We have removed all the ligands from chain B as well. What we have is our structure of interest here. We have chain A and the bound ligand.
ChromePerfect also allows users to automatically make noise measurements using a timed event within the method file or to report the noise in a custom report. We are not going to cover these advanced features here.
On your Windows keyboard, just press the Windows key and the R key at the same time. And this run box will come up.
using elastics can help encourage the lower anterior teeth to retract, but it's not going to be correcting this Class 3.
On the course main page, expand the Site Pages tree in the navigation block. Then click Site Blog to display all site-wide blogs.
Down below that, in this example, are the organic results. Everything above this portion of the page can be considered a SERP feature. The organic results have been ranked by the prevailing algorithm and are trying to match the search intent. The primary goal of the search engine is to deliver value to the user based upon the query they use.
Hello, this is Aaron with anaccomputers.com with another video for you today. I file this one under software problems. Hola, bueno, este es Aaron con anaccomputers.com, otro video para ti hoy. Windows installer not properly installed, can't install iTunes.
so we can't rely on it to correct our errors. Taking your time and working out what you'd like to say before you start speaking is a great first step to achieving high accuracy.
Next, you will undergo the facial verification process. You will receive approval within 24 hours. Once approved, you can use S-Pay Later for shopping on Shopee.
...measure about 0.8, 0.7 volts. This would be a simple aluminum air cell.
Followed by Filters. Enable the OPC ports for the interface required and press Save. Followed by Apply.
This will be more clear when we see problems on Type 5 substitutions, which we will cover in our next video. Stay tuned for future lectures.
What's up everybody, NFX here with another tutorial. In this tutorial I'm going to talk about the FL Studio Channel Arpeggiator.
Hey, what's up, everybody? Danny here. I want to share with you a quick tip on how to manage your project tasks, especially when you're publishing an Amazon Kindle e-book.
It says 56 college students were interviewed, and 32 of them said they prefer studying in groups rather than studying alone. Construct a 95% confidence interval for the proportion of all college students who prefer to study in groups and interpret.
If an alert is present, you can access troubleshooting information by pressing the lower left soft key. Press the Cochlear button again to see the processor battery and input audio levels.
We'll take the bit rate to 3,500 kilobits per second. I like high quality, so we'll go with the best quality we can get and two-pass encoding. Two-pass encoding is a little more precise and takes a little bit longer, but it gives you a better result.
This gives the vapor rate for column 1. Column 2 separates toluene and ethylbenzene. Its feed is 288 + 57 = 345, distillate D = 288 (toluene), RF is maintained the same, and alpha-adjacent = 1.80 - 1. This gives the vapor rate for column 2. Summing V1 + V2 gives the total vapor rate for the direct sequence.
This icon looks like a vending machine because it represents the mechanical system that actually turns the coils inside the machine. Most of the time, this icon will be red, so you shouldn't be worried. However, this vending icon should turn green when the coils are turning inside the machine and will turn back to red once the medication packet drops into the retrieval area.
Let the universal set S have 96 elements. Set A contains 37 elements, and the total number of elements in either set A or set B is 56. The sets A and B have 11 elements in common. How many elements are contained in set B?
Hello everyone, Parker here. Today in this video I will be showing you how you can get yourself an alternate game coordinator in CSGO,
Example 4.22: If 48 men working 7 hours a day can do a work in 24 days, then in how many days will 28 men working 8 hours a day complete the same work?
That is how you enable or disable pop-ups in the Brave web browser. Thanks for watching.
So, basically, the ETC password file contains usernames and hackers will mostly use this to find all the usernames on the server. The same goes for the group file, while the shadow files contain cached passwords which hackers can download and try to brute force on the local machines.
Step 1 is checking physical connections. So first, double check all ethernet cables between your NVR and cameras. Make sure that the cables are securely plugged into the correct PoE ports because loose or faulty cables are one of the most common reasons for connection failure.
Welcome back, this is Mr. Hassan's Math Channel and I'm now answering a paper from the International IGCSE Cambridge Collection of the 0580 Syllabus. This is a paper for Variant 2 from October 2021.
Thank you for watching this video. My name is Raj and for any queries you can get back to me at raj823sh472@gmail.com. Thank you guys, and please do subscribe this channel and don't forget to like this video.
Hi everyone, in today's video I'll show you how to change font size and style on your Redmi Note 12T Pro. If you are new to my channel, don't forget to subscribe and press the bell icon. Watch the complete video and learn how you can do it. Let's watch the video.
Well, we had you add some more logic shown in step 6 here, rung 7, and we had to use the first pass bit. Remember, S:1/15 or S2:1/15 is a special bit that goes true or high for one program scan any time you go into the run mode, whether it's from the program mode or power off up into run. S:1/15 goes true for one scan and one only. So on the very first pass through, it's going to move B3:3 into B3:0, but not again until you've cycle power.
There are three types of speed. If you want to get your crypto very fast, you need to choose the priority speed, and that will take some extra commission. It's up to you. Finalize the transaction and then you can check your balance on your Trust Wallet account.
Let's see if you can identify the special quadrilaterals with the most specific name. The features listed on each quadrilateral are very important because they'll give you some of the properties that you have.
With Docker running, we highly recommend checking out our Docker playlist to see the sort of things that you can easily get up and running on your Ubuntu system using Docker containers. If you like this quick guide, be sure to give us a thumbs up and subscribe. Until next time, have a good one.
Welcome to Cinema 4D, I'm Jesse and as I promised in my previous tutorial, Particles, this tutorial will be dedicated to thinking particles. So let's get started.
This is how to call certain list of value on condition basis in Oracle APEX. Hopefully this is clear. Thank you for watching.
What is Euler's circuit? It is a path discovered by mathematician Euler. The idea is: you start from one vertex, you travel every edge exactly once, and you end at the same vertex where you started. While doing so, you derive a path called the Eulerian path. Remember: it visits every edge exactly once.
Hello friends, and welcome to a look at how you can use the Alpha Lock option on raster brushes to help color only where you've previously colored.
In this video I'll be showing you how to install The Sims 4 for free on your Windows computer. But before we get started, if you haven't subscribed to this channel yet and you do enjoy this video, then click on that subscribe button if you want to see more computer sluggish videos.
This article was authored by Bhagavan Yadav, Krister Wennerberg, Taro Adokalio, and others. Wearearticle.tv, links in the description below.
◆ ◆ ◆ ◆ ◆
Restate verbatim all lines from the start of the data through the line containing "using elastics can", with both ends kept.

## COMPLETED TASK
We have removed all the ligands from chain B as well. What we have is our structure of interest here. We have chain A and the bound ligand.
ChromePerfect also allows users to automatically make noise measurements using a timed event within the method file or to report the noise in a custom report. We are not going to cover these advanced features here.
On your Windows keyboard, just press the Windows key and the R key at the same time. And this run box will come up.
using elastics can help encourage the lower anterior teeth to retract, but it's not going to be correcting this Class 3.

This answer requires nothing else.